At S837, if it is determined that the end of the character information obtained at S836 is not “e” (No at S837), the controlling unit 121 determines whether the end of the character information obtained at S836 is a consonant followed by “y” (S839). At S839, if it is determined that the character information ends in a consonant followed by “y” (Yes at S839), the controlling unit 121 changes the end of the character information obtained at S836 from “y” to “ier” (S840). When the processing at S840 is performed, the processing at S807 is subsequently performed.

At S839, if it is determined that the character information does not end in a consonant followed by “y” (No at S839), the controlling unit 121 adds “er” to the end of the character information obtained at S836 (S841). When the processing at S841 is performed, the processing at S807 is subsequently performed.
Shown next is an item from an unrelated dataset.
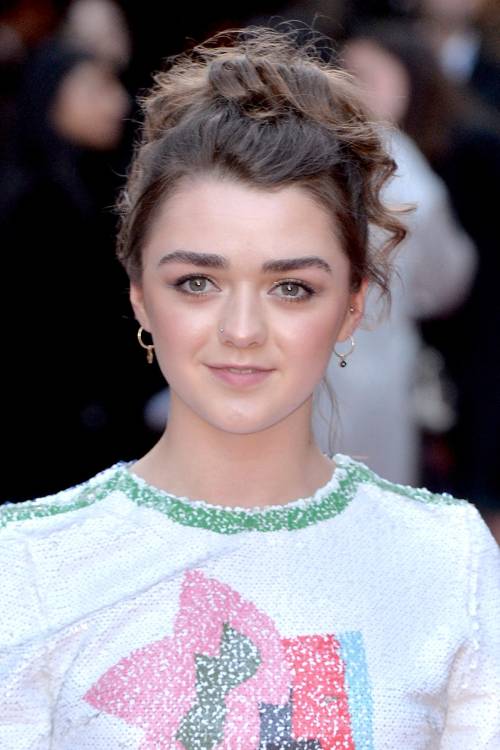 Porn starlets:Maisie Williams photos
FIG. 27 is an example of a processing procedure for generating decompressed data. If it is determined not to be the identifying symbol [c7] at S819 in FIG. 22 (No at S819), the controlling unit 121 obtains the decompression code (character information) corresponding to the compressed data read out from the decompression dictionary D2b at S801 (S842). Subsequently, the controlling unit 121 determines whether the end of the character information obtained at S842 is “e” (S843). At S843, if it is determined that the end of the character information obtained at S842 is “e” (Yes at S843), the controlling unit 121 adds “st” to the character information obtained at S842 (S844). When the processing at S844 is performed, the processing at S807 is subsequently performed.

At S843, if it is determined that the end of the character information obtained at S842 is not “e” (No at S843), the controlling unit 121 determines whether the end of the character information obtained at S842 is a consonant followed by “y” (S845). At S845, if it is determined that the character information ends in a consonant followed by “y” (Yes at S845), the controlling unit 121 changes the end of the character information obtained at S842 from “y” to “iest” (S846). When the processing at S846 is performed, the processing at S807 is subsequently performed.

At S845, if it is determined that the character information does not end in a consonant followed by “y” (No at S845), the controlling unit 121 adds “est” to the end of the character information obtained at S842 (S847). When the processing at S847 is performed, the processing at S807 is subsequently performed.

[Means for Implementing the Present Embodiment]

A configuration for executing the above described compression processing and the decompression processing will now be described below.

FIG. 28 is a configuration example of hardware in the computer 1. The computer 1, for example, includes a processor 301, random access memory (RAM) 302, read only memory (ROM) 303, a drive device 304, storage medium 305, an input interface (I/F) 306, an input device 307, an output interface (I/F) 308, an output device 309, a communication interface (I/F) 310, a storage area network (SAN) interface (I/F) 311, and a bus 312. The pieces of hardware are connected to each other via the bus 312.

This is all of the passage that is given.